Ile zapłacimy za ogrzewanie domu pompą ciepła lub gazem w 2023 roku? Oto konkretne kwoty

2 minuty czytania
Komentarze

Ogrzewanie domu już wkrótce może stać się poważnym wyzwaniem dla większości Polaków. Wszystko przez rosnące koszty energii, które szczególnie mocno mogą — i prawdopodobnie dotkną — już w najbliższych tygodniach. Rząd przygotował wprawdzie pewne programy pomocowe, ale nie wszystkim pomoże to w wystarczającym stopniu.

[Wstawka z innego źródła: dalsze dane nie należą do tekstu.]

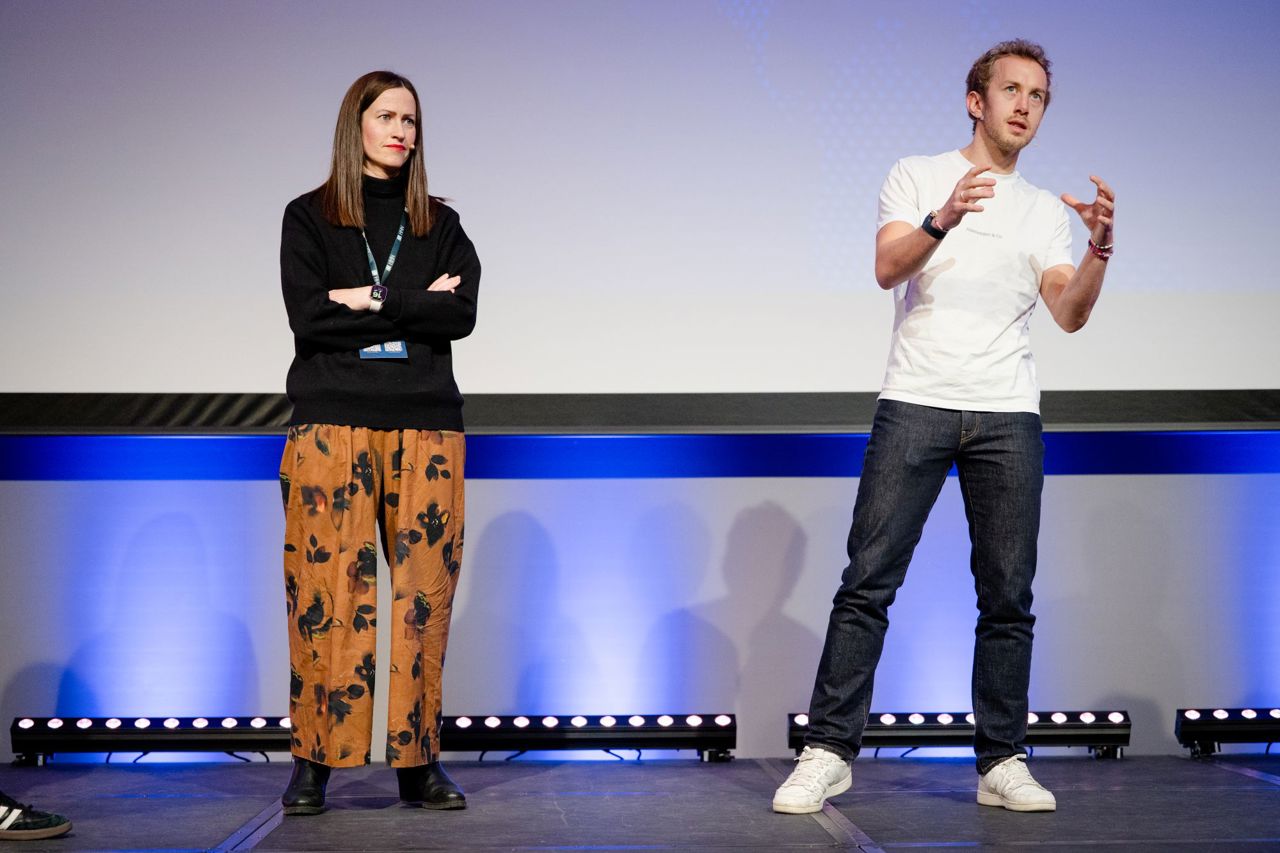 Marie Mostad fra StartupLab og  Martin Schütt fra Askeladden & Co.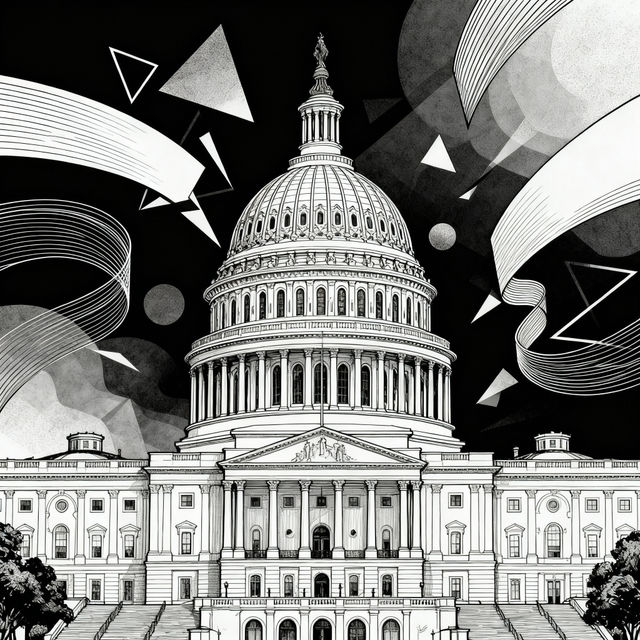 Congress Drawings - AI Generated gallery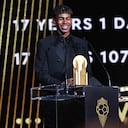 Lamine Yamal en la gala del Balón de Oro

Ogrzewanie domu pompą ciepła lub gazem a koszty

fot. Julian Hochgesang/Unsplash

Rząd ogłosił zamrożenie cen prądu w 2023 roku przy zużyciu do 2000 kWh. Osoby mieszczące się w tym limicie mają płacić rachunki zgodnie ze stawkami z 2022 roku. Gdy ktoś przekroczy 2000 kWh, zapłaci więcej tylko za nadwyżkę powyżej tej granicy. Jeśli jednak ktoś potrzebuje prądu do ogrzewania domu, to bardzo łatwo będzie mu przekroczyć limit. A takich osób w Polsce w ostatnim czasie lawinowo przybywało.

Prezes Urzędu Regulacji Energetyki już w wakacje ostrzegał przed bezprecedensowymi podwyżkami cen prądu. W 2023 roku taryfy na energię elektryczną dla gospodarstw domowych mogą pójść do góry przynajmniej o 180%. Według wyliczeń serwisu GLOBEnergia, w takim scenariuszu średnia cena prądu na rachunku wzrośnie z 69 gr/kWh do 1,78 zł/kWh (mają na to wpływ m.in. takie czynniki, jak akcyza oraz wzrost opłat dystrybucyjnych). Zdecydowanie nie są to dobre informacje dla osób, które wykorzystują w swoich domach choćby pompy ciepła.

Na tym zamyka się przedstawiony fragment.